Na visão do especialista, o plano de Israel de minar algozes está dando certo, considerando o atual enfraquecimento de Hamas e Hezbollah. Por outro lado, Netanyahu se viu obrigado a recuar quando atacou o Irã no conflito conhecido como Guerra dos 12 Dias.

"Israel apenas aceitou o cessar-fogo com o Irã. Aceitou não, buscou o cessar-fogo, porque realmente ficou surpreendido com a quantidade de mísseis que o Irã lançou."

A empreitada israelense dos últimos anos só acontece pelo endosso dos Estados Unidos. Desta vez, todavia, as miras de Netanyahu acertaram um dos maiores aliados de Washington no Oriente Médio.

Catar é um classificado pela própria Casa Branca como um dos principais aliados fora da Organização do Tratado do Atlântico Norte (OTAN). No país está localizada a base avançada do Comando Central dos Estados Unidos, na base aérea de Al Udeid.

Para Figueiredo, este episódio pode mexer algumas peças no tabuleiro geopolítico da região.

"Pode ter uma mudança significativa, sim, na percepção dos países do Golfo, como, por exemplo, o Catar, de perceberem mais uma vez, que os Estados Unidos não virão para proteger de uma agressão israelense."

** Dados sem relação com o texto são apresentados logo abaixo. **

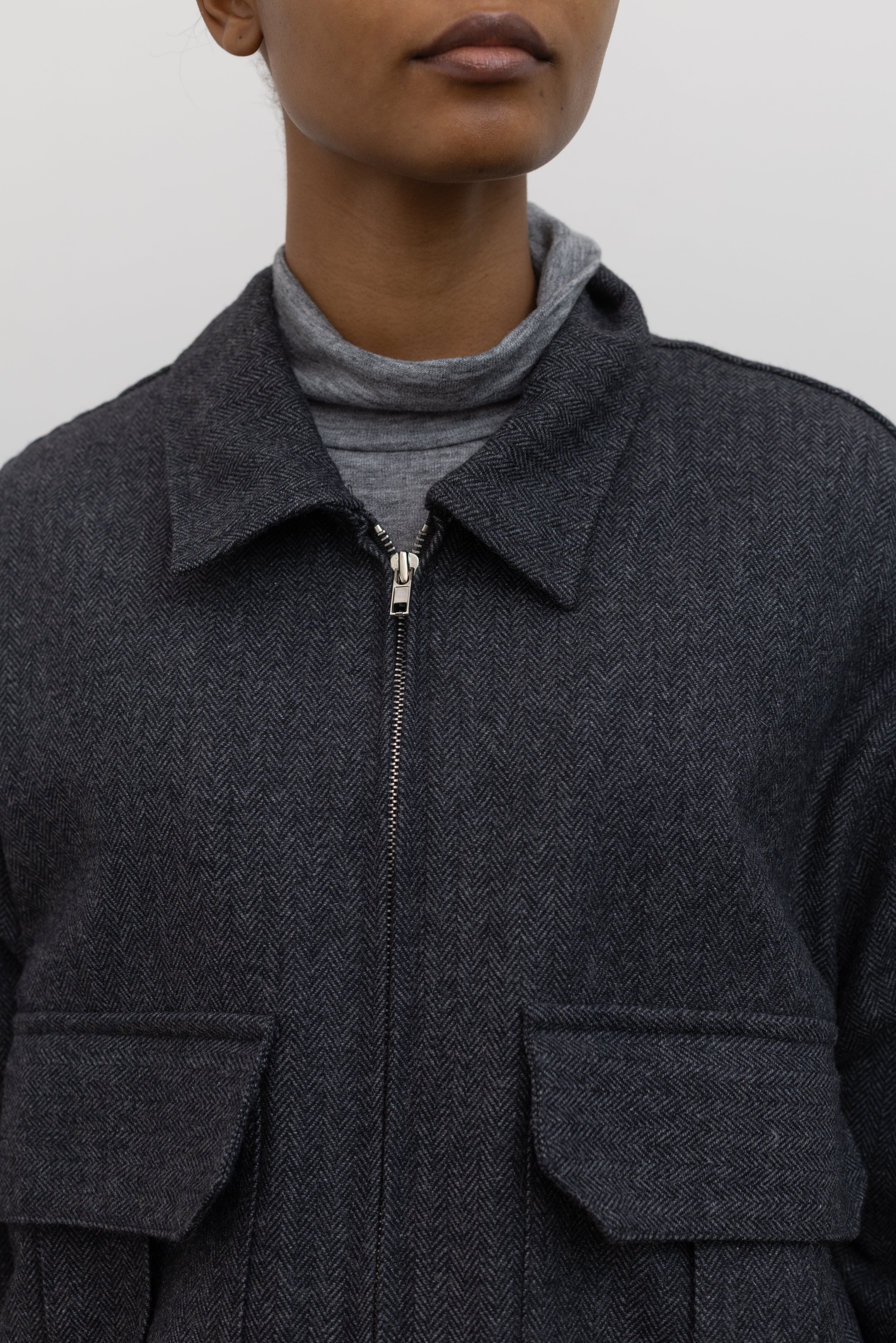 Close-up front view of a Collective Charcoal Wool Blend Herringbone Collared Quilted Bomber Jacket paired with a Collective A-line tailored gray wool blend herringbone maxi skirt at Alas Eius.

Figueiredo entende que "Trump não tem a exata percepção de como ele une os seus inimigos com a sua forma de atuação" ao respaldar as ações de Netanyahu. O professor destaca que Doha, assim como a Arábia Saudita fez, pode buscar uma aproximação dos países do Sul Global.

"Acho mais provável uma mudança de guinada no jogo político do Oriente Médio, principalmente no que diz respeito às monarquias do Golfo. [...] E, nesse sentido, é preciso ter alguma alternativa para promover a própria segurança."